Standing at the prow, Trumpeldor gazed as though the armada had already been assembled to carry out his plan; within a few short hours these ships could steam up to Jaffa, it would take no longer than their
own voyage here just now. The whole Yishuv would rise to support their Jewish army, another Jewish army from Russia would come down and attack the Turks from the rear, the British and French would meanwhile seize Constantinople from the sea, the war would be quickly ended, and Jews would come streaming from all ends of the earth to build up Eretz Yisroel.
Here were the British, clean men in khaki knee-trousers, with impatience and boredom and contempt in their voices, crying out short commands to the Egyptian port-workers, “Yallah, Imshi!” Not only from the sight of their armada, but from the first sight of the British—though he had not doubted Trumpeldor’s assessment—Gidon knew who would win the war. These people would win. Except for an officer or two, he had not yet seen the Germans. Even though everyone said they were formidable, organized, modern, strong, nevertheless these unperturbed British would win.

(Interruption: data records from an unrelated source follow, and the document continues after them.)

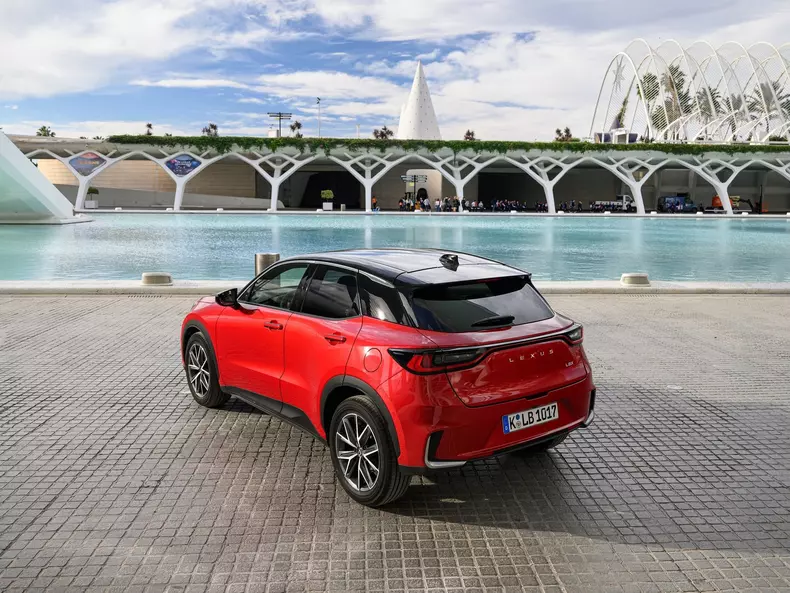 Lexus-LBX-2024-1600-54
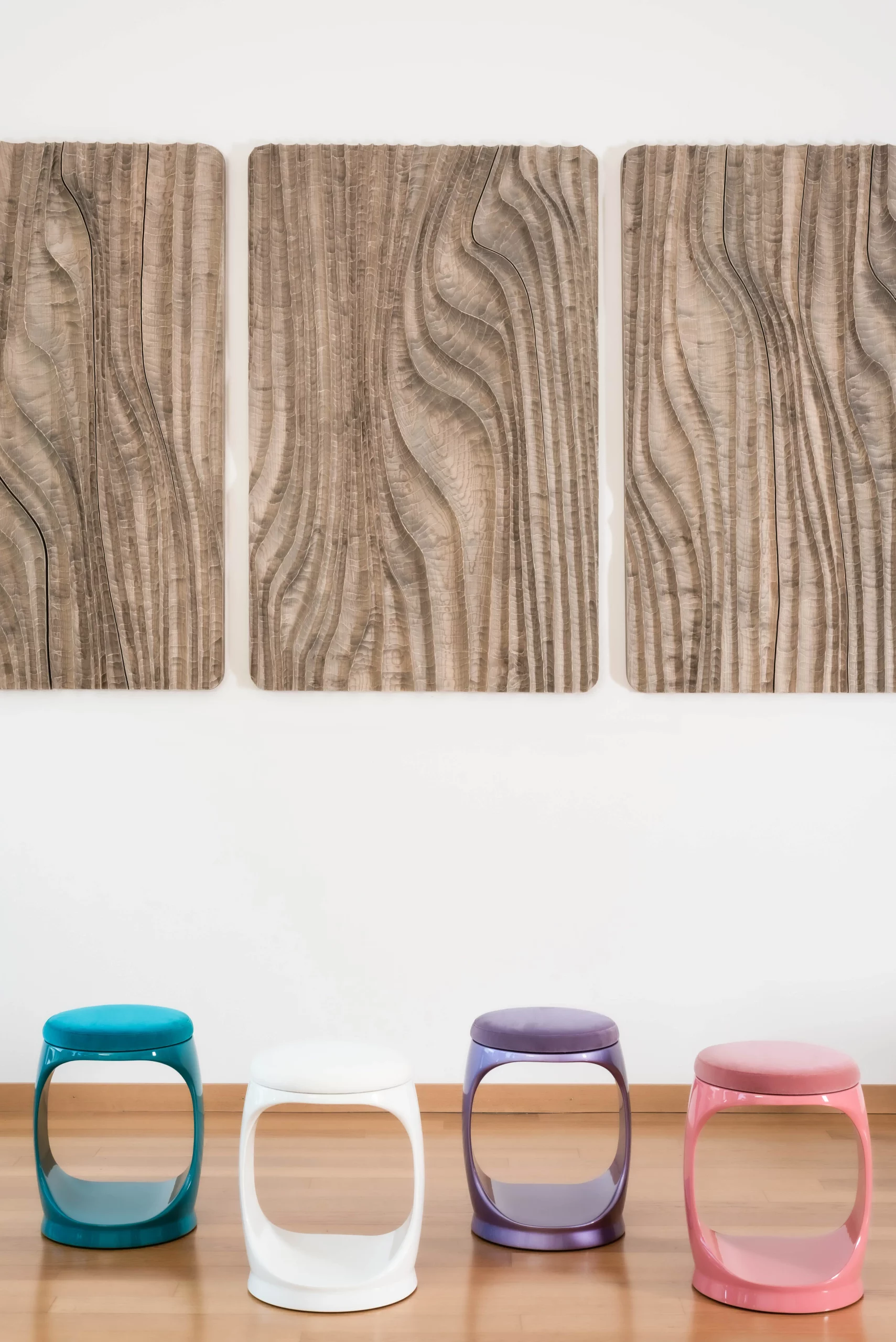 Photo_09_tabourets_Signet_Ring_Ambiance_Troinex_4_colors_0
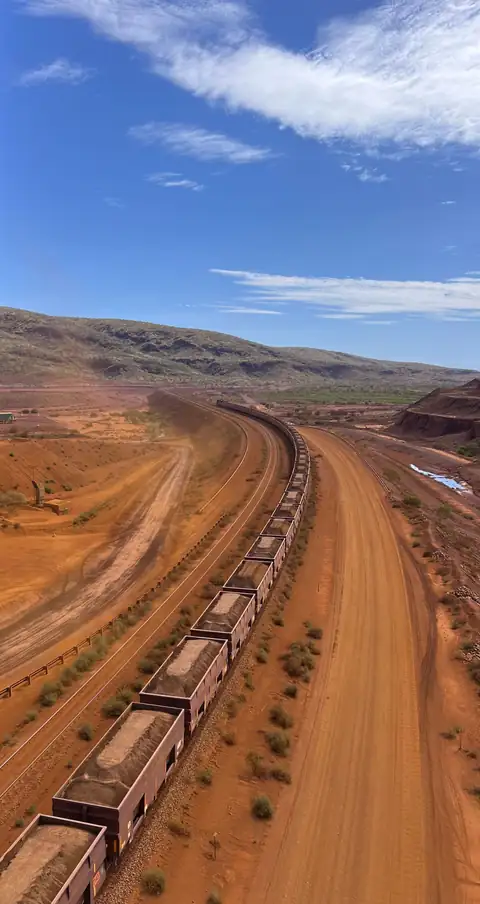 Ertstrein door het rode landschap van de Pilbara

Quickly enough the deported Russian Jews found themselves led to a long structure, a quarantine building in the port, formerly used, some said, for pilgrims to Mecca. Already there were Jews from Eretz in the barracks. Many had come in the last weeks, on any ship they could find. Among them were numbers of young men who had been fearful of Turkish conscription.
At once the newcomers were fallen upon with questions about relatives at home, and there were reunions, and already various combinations were being made for the best corners in the barrack rooms, and already the newcomers were being aided by finely dressed Jewish women of Alexandria who were followed by black Arab porters in long galabiyas with red sashes, carrying baskets of food.